Clad in a semi-reflective, transparent skin, the pavilion was designed "as a space of connection" and is surrounded by mist at night.

The Art of Dreams by Numen/For Use for Porsche

Design collective Numen/For Use created a netted installation for automobile brand Porsche, which was informed by the brand's 1960s black and white houndstooth pattern.

Described as "an inhabitable utopia", visitors to the installation were invited to "climb inside and investigate the suspended landscape".

Read more about The Art of Dreams ›

The Fireplace by Francis Kéré

The Fireplace by Diébédo Francis Kéré for Next125

Burkinabè architect Diébédo Francis Kéré collaborated with German kitchen brand Next125 to design a circular pavilion made from spruce logs at this year's Milan design week.

Exhibited at Superstudio Events, the installation features arched openings and a dome-like structure that is organised around a sleek kitchen island from Next125's collection.

Read more about The Fireplace ›

Hermès exhibition space at La Pelota

The Topography of Material by Hermès

Fashion brand Hermès went to the ground with its exhibition The Topography of Material – a patterned floor made up of different reclaimed materials including stone, clay and volcanic rocks.

The brand also showcased pieces from its archive next to new pieces that were made using the same material or otherwise had a connection to the older designs.

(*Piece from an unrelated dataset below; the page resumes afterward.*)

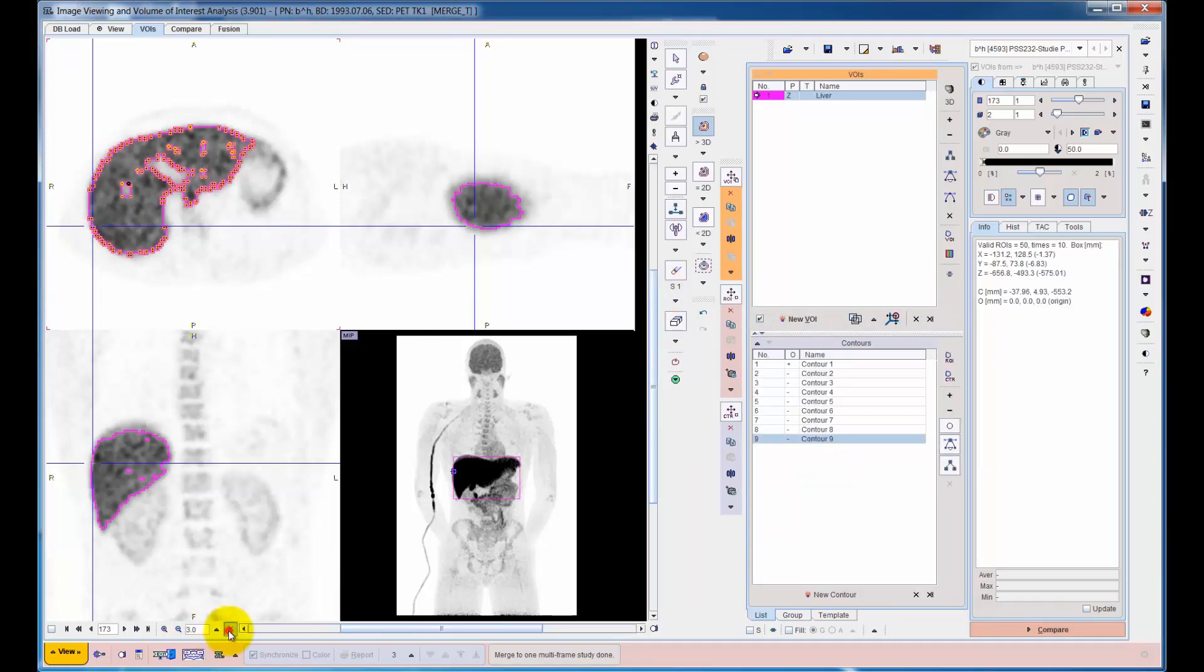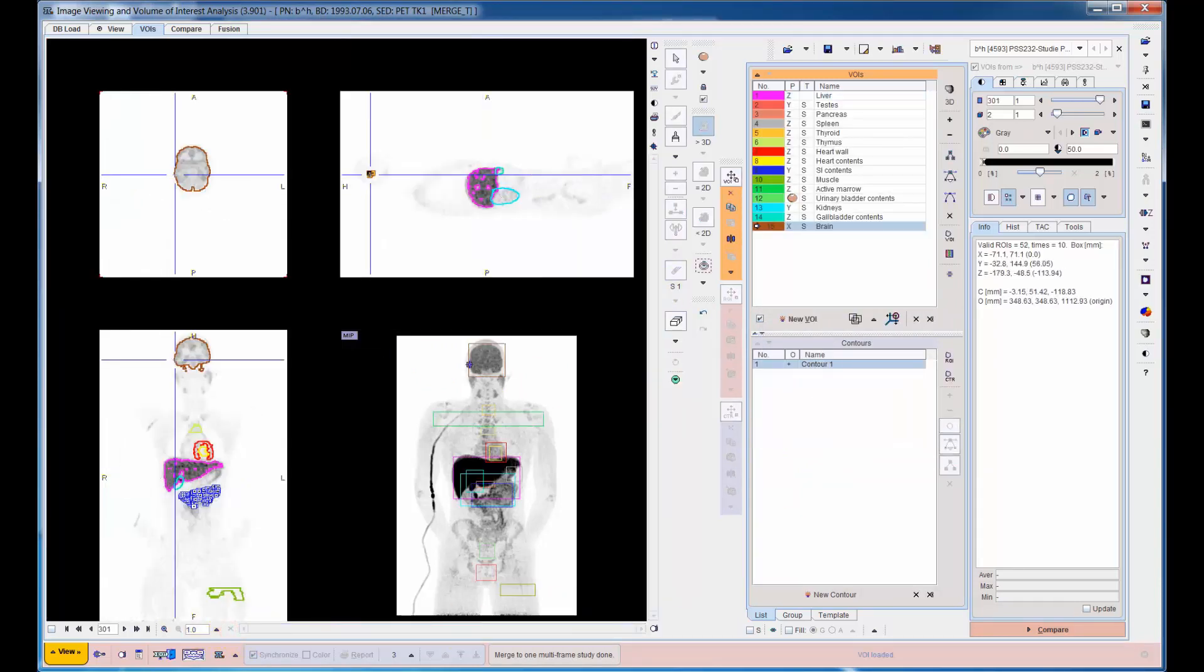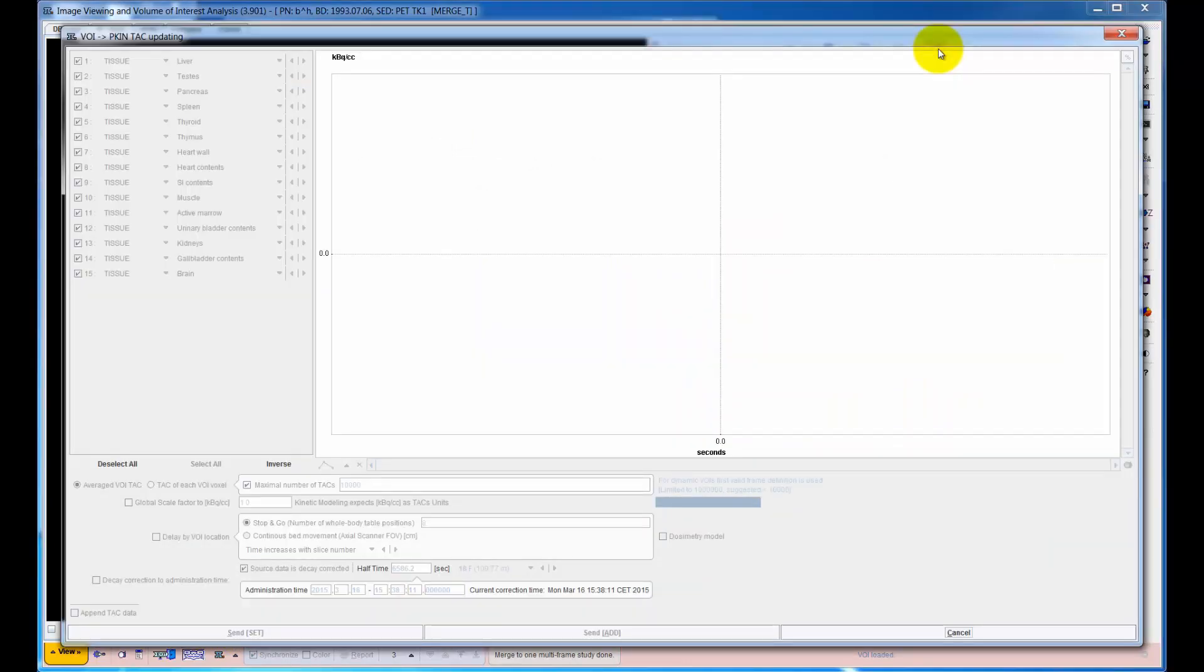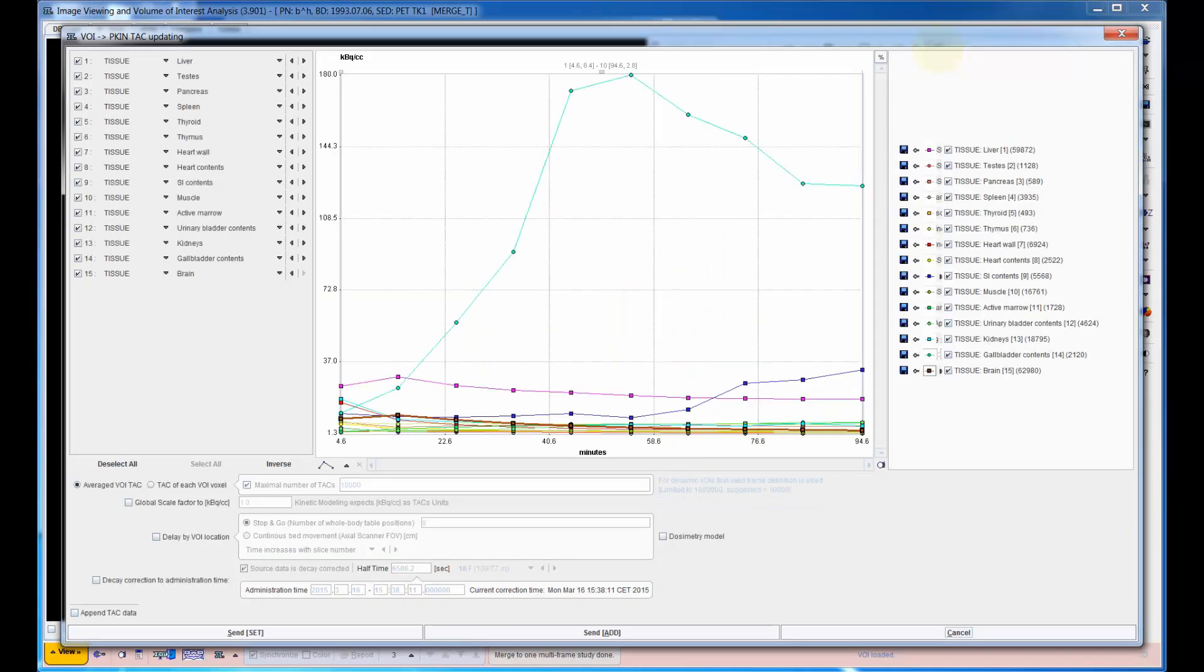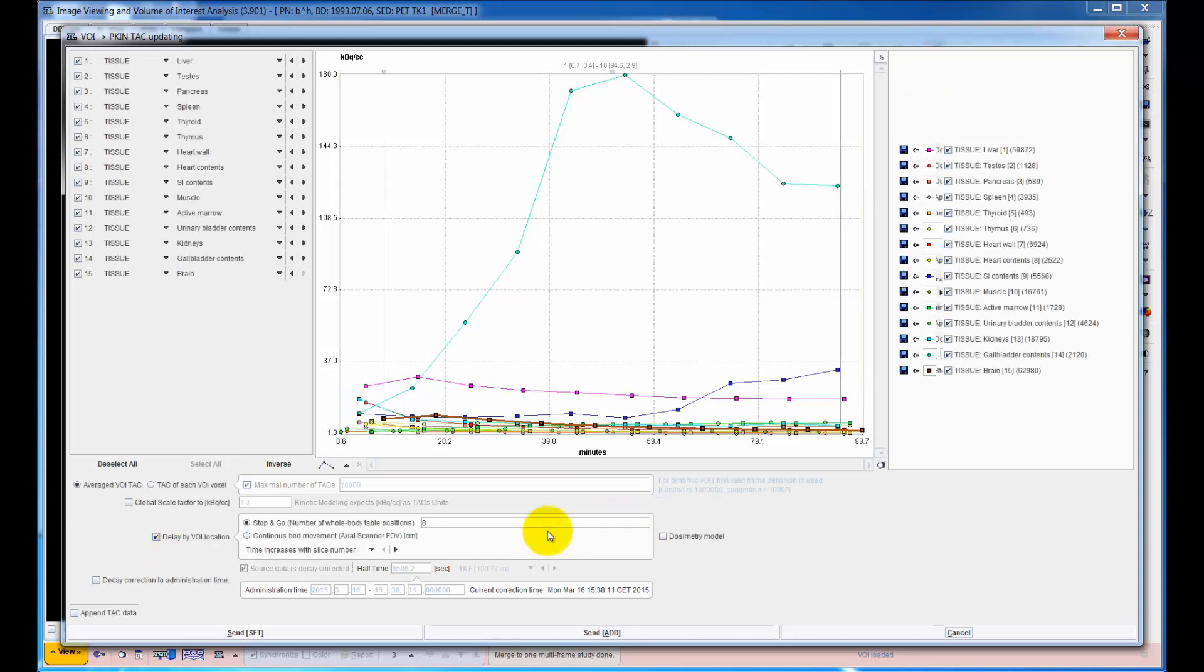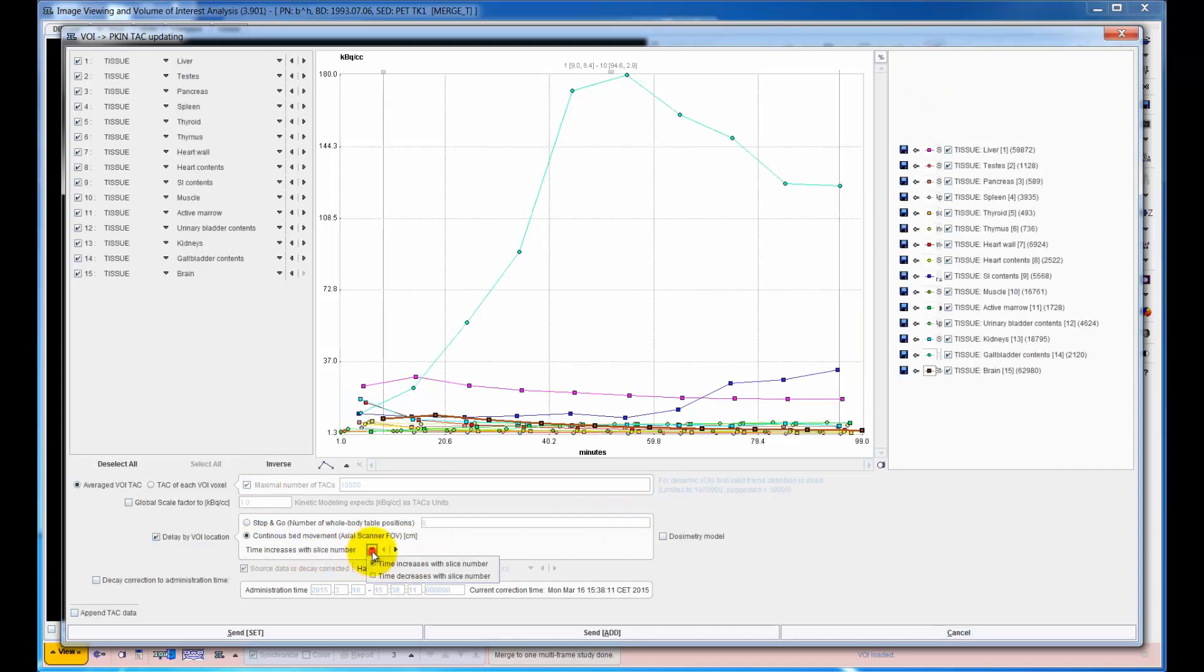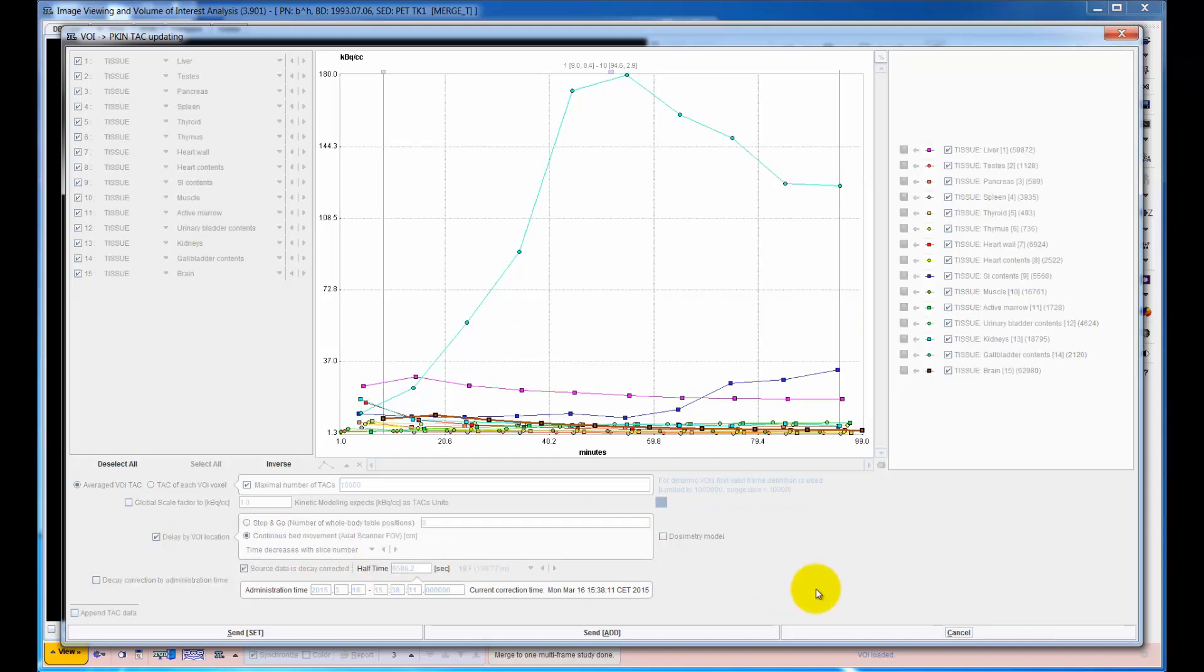After the organs have been defined, their uptake over time is calculated. Note that for this whole body example, the timing for each organ differs slightly depending on their respective bed position. These offsets are calculated by PMOD in order to ensure accurate timing.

Read more about The Topography of Material ›

Archaeology of Tiles by India Mahdavi for Alternative Artefacts Danto

Archaeology of Tiles by India Mahdavi for Alternative Artefacts Danto

French designer India Mahdavi has created eight 3D ladders wrapped in tiles in this installation for newly launched Japanese brand Alternative Artefacts Danto.

As a spin-off of Danto, one of Japan's oldest mass-produced tile manufactuers, the brand has taken over a series of room inside an eighth-century former residence in the 5VIE design district.

Leaned up against walls and extending out to the terrace, Mahdavi's tile-covered ladders feature bold colours and contemporary patterns that playfully contrast with the period details.